Atrial fibrillation, which is the most common cardiac arrhythmia, is an important risk factor for strokes. A multi-centre study led by MedUni Vienna shows that the prevalence of atrial fibrillation in haemodialysis patients in Vienna is significantly higher than previously thought. Moreover, only half of the patients affected are treated with an anticoagulant.
Atrial fibrillation is an important risk factor for strokes. In patients with end-stage kidney disease, who require renal replacement therapy by haemodialysis, the prevalence of atrial fibrillation has hitherto been underestimated. There is also a lack of scientific clarity as to whether haemodialysis patients with atrial fibrillation benefit from anticoagulation therapy to prevent strokes or whether the benefits are outweighed by the risk of bleeding.
The prevalence of atrial fibrillation in haemodialysis patients in Vienna is 26.5%, much higher than the internationally estimated 10 -- 15%. This was the conclusion of a multi-centre study led by Oliver Königsbrügge, Ingrid Pabinger and Cihan Ay from the Division of Haematology and Haemostaseology of the Department of Medicine I, in collaboration with Marcus Säemann of the 6th Medical Department of the Wilhelminen Hospital and the dialysis units of the Vienna General Hospital, Danube Hospital, Kaiser Franz Josef Hospital, Hietzing Hospital, Rudolf Foundation Hospital and the Vienna Dialysis Center. In the study, which goes by the acronym VIVALDI (Vienna InVestigation of AtriaL fibrillation and thromboembolism in hemoDIalysis patients), the researchers investigated the clinical-scientific conflict regarding the risk of stroke and thromboembolic complications in patients on haemodialysis, especially those with atrial fibrillation.
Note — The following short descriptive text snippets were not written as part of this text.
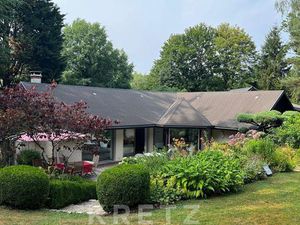 Villa d'architecte située dans la Vallée de Chevreuse
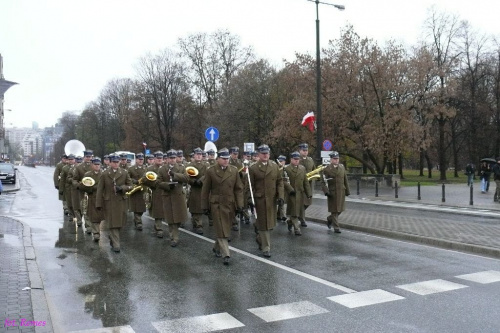 Obchody Dnia Niepodległości - 11listopad 2009 #DzieńNiepodległości #warszawa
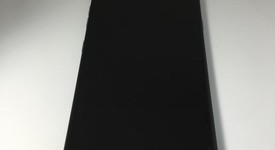 Good
													LG V40 ThinQ - Sprint, Black, LM-V405UA, photo 1 of 8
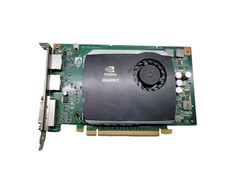 NVIDIA Quadro FX 580 512MB GDDR3 PCIe Graphics Card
In the current project, which was recently published in the journal PLOS ONE, the scientists analysed a cohort of 626 patients to provide a representative sample of the entire Viennese dialysis population of around 850 people and conducted direct patient surveys and extensive research of medical records to obtain a much more accurate picture of the prevalence of atrial fibrillation than was possible in previous studies using decentralised national registers or insurance company databases.
"We found that the prevalence of atrial fibrillation increases with age and is particularly common in male patients," reports lead author Oliver Königsbrügge, "but, despite the risk of stroke associated with atrial fibrillation, only half of those affected are being treated with an anticoagulant."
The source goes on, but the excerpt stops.